М а р и я А н д р е е в н а. Еще бы повезло! Поэт-то Сашура, а Боря, прости меня, всего лишь стихотворец.
А л е к с а н д р а А н д р е е в н а. Я не это имею в виду. После знакомства с Сашей и Любой в Москве Боря приезжает в Петербург как раз в утро 9 января, а возвращается в Москву в день убийства великого князя Сергея; летом, посетив нас в Шахматове, влюбляется в Любу, и все вокруг у него окрашивается в кровавый цвет. Неудивительно, на грани безумия пишет нам письма, а тут прерывается связь – забастовка почтово-телеграфских служащих, и он приезжает в Петербург – в декабре, когда Москва покрылась баррикадами, опять кровь и кровь. Я думаю, он вне себя не от любви, а, как все мы, от тех ужасов.

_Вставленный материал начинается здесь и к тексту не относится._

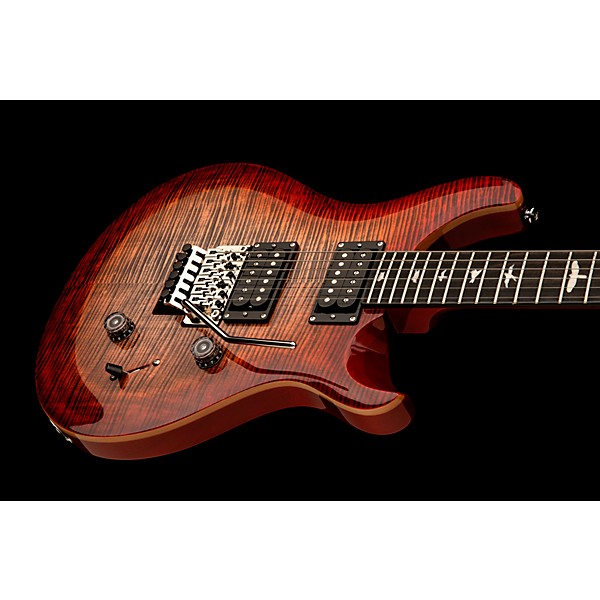 PRS SE Custom 24 Floyd Electric Guitar Charcoal Cherry Burst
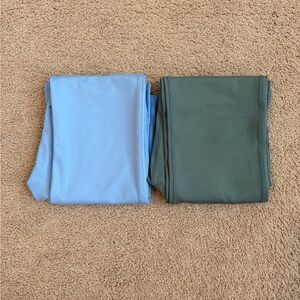 Tek Gear Soft Flare Leggings Bundle | Lot of 2 | Blue & Green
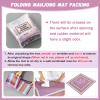 Dunzy 33'' x 33'' Mahjong Mat with Carrying Bag Non Slip Noise Reduction Gaming Mat Rubber Mahjong Table Cover Accessories Gifts for Poker Board Games Dominoes(Pink,Polka Dots) view 3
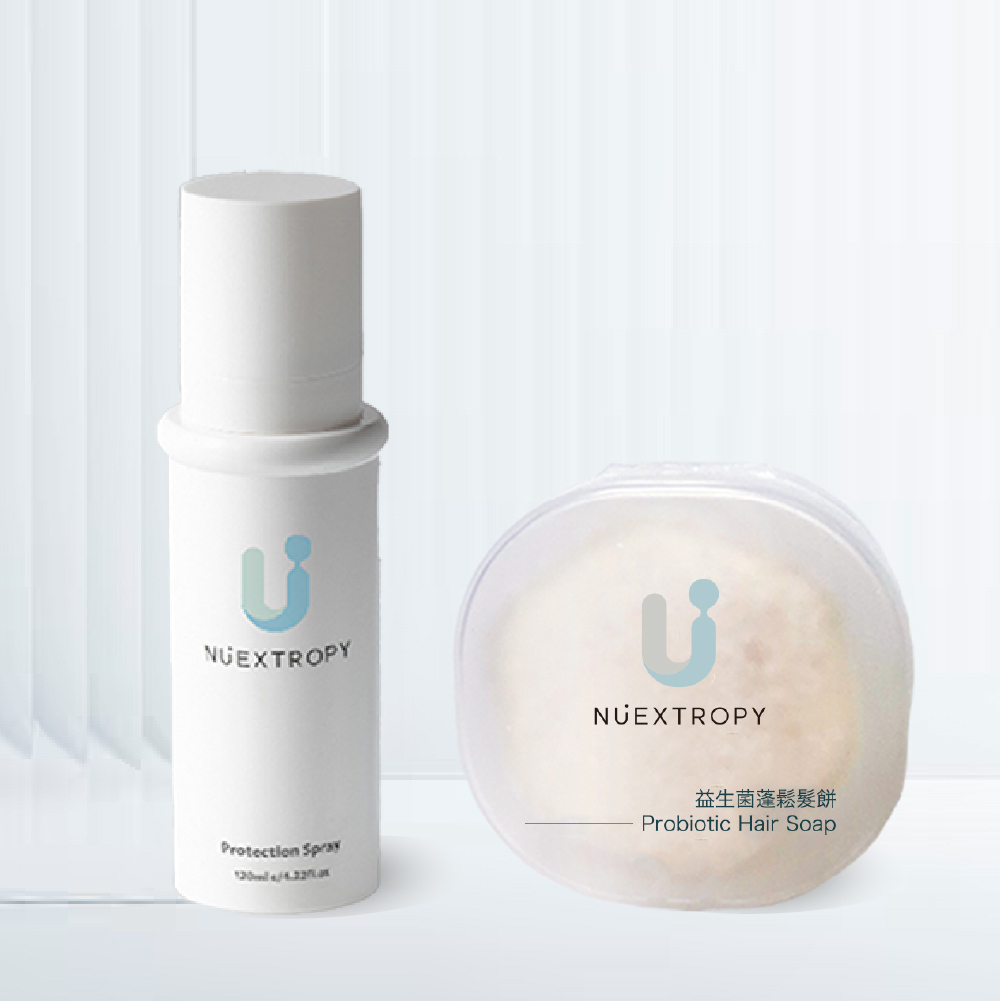 【肌膚/頭皮/環境】 1＋1益菌舒敏全效保護噴霧120ml＋沐日蓬鬆平衡髮餅60g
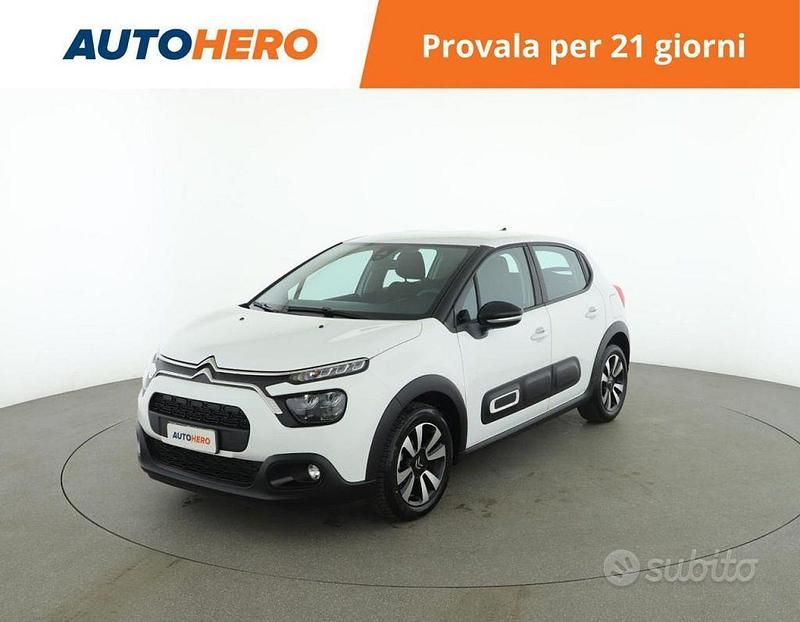 Usata Citroën C3 Feel 100 CV (73 kW) 2021 Bianco Utilitaria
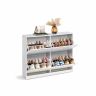 Shoe cabinet VASAGLE LBC035, 4 doors, 16–28 pairs, 24 × 82.7 × 105.5 cm
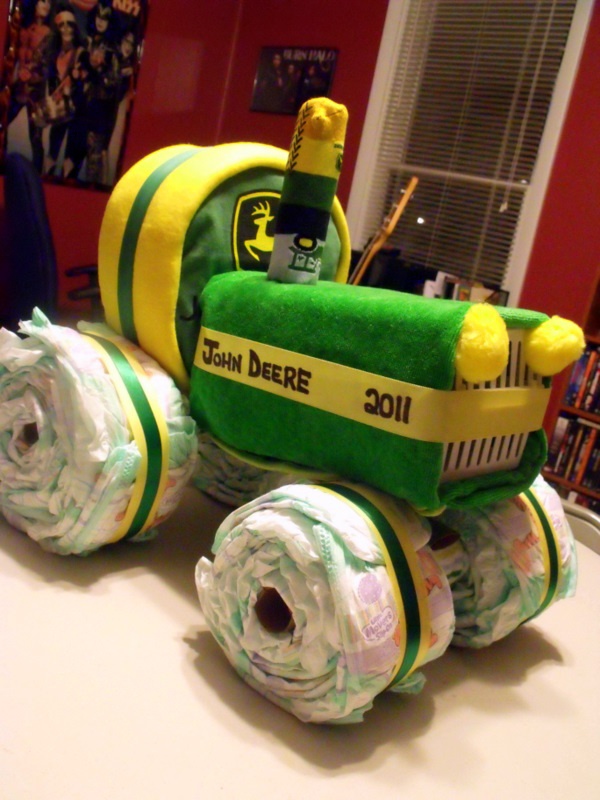 Tractor Diaper Cake Tractor Diaper Cake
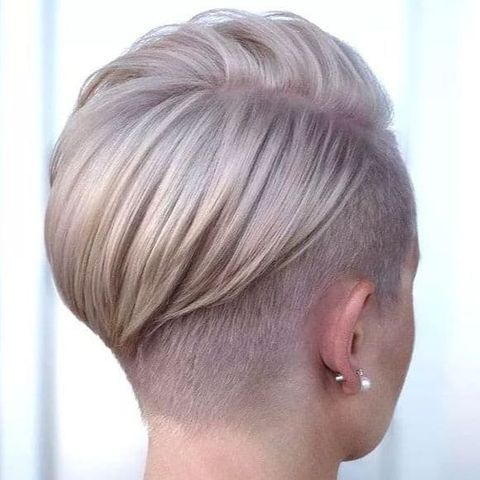 Side+back undercut layered bob for women in 2021-2022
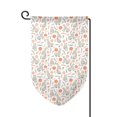 thumbnail image 1 of Wukai Flower Rabbit Print Garden Flag 12.5x18 Inch Double Sided Sun-resistant Rain-resistant, Wrinkle-resistant Colorfast(Only Flag), 1 of 1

М а р и я А н д р е е в н а. Так он и ищет у Любы спасения. Он и просил у нее спасти Россию и его.
А л е к с а н д р а А н д р е е в н а. Боюсь, как бы еще чего похуже не случилось у нас. Хотя куда еще хуже.

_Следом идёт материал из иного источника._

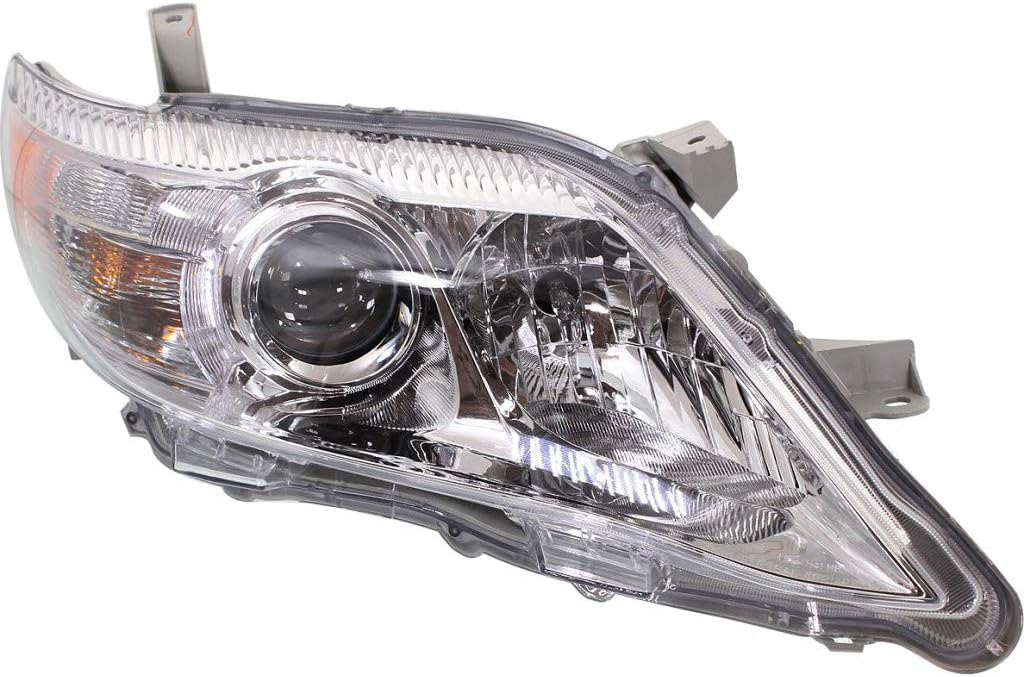 Passenger Side Headlight for Toyota Camry 2010 2011 Non SE Model S2576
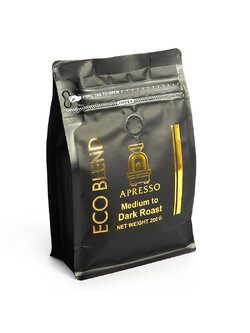 กาแฟ Eco blend อีโคเบลนด์ 250 กรัม คั่วกลางเข้ม
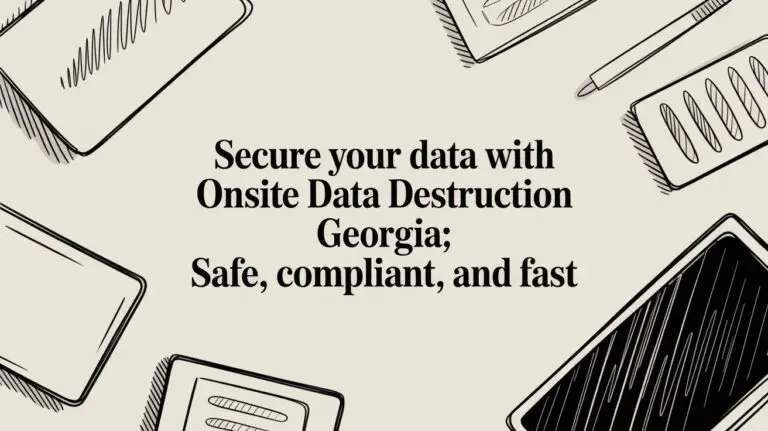 Onsite Data Destruction in Georgia: A Guide for Businesses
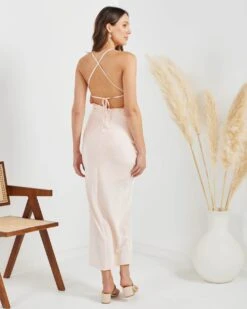 Alternative view of Diane Dress-Peach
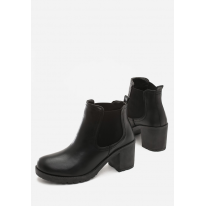 Black women's boots T130-38-black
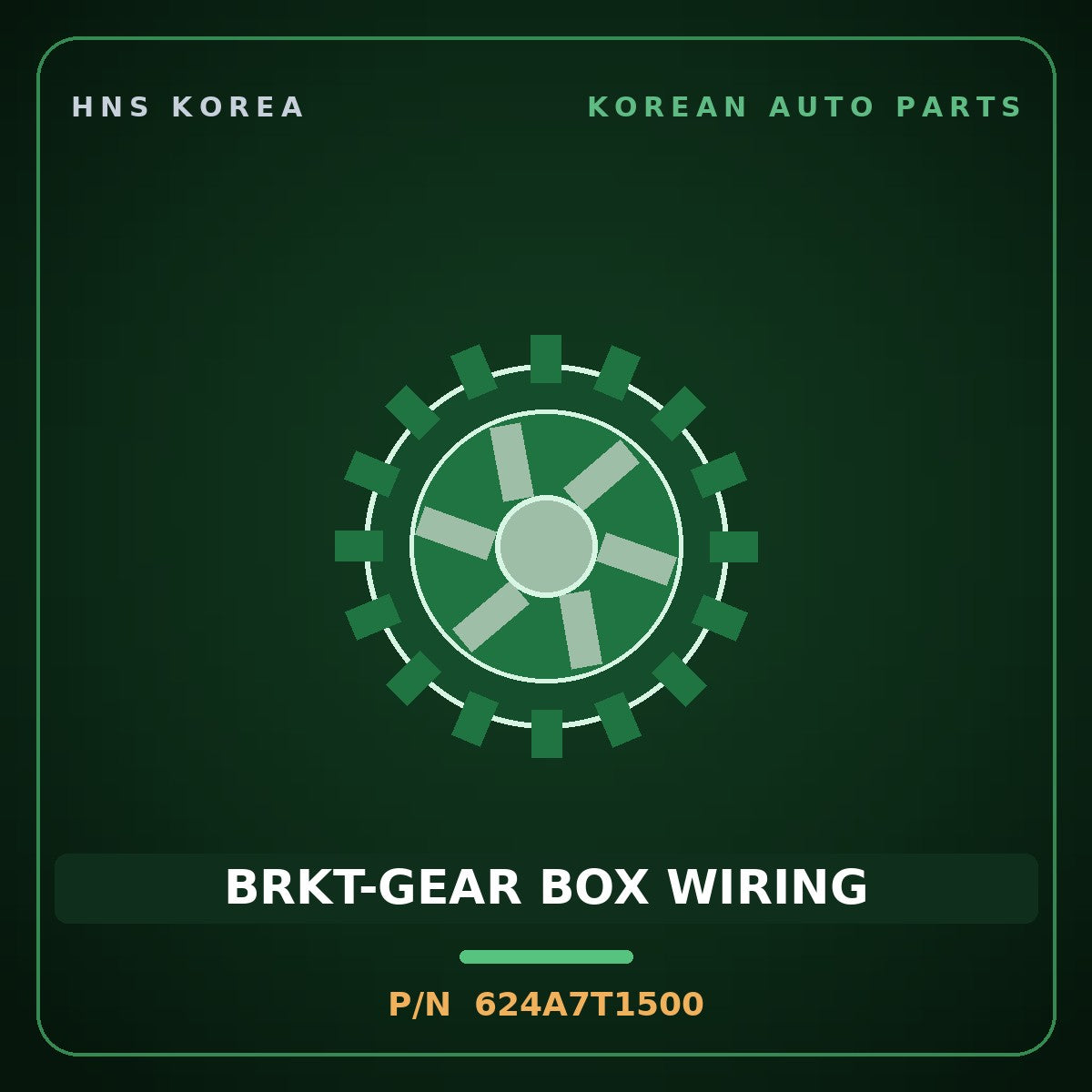 Genuine Mobis BRKT-GEAR BOX WIRING 624A7T1500 for G80 2020 HNS Parts Korea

М а р и я А н д р е е в н а. Нет, нет, мне кажется, Боря успокоился, и цветы – это знак примирения.
А л е к с а н д р а А н д р е е в н а. Ты не понимаешь, это-то и опасно.

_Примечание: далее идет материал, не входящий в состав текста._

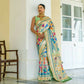 Vishnu Weaves Women's Pista Paithani Silk Zari Woven Saree with Unstitched Blouse - Swadesiicart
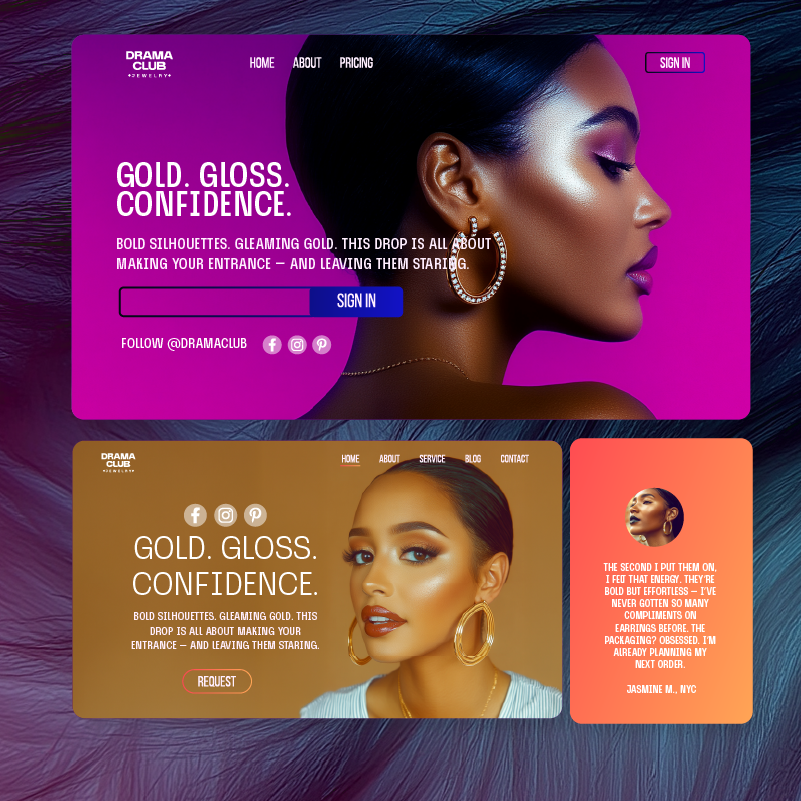 Web platform homepage design for user-centered platform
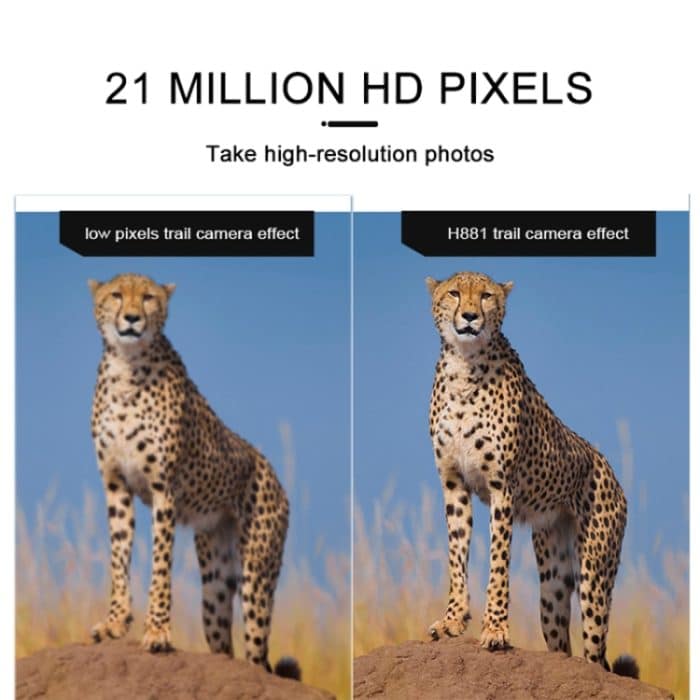 H881 21 Megapixel 2,4 Zoll TFT-Bildschirm Jagdkamera – Bild 3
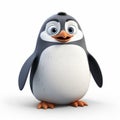 Gentle Expressions: 3d Pixar Penguin Illustration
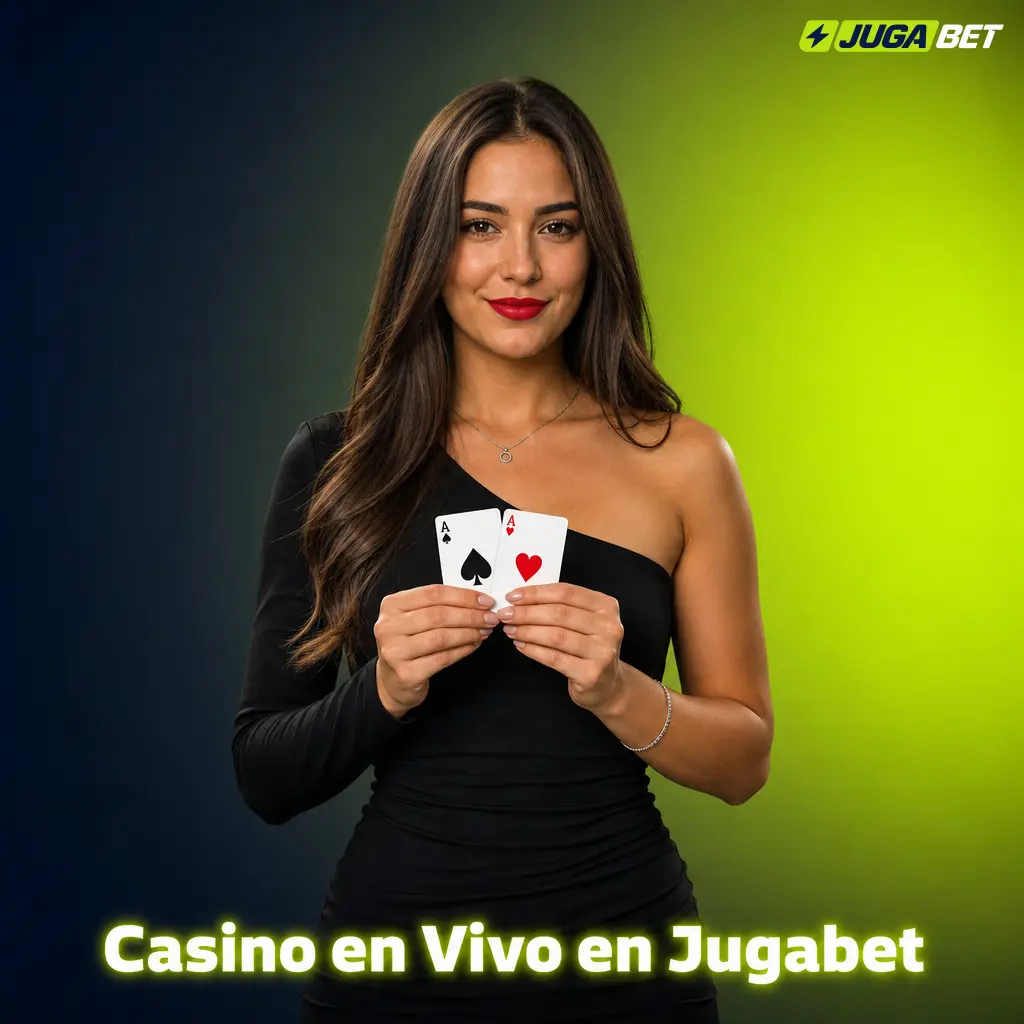 Casino en vivo de Jugabet con crupieres reales, mesas en HD y juegos como Ruleta Relámpago, Crazy Time y Bacará Speed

Раздается звонок; женщины вздрагивают и переглядываются.
АКТ II
Сцена 1Квартира полковника Кублицкого. В гостиной с новыми корзинами цветов у куста гортензии Андрей Белый, Александра Андреевна, Любовь Дмитриевна и Блок.
Б е л ы й (сидя у рояля). Мне вспомнилось мое первое посещение Шахматова.
Б л о к ( прохаживаясь с безмятежным видом). Цветы навеяли.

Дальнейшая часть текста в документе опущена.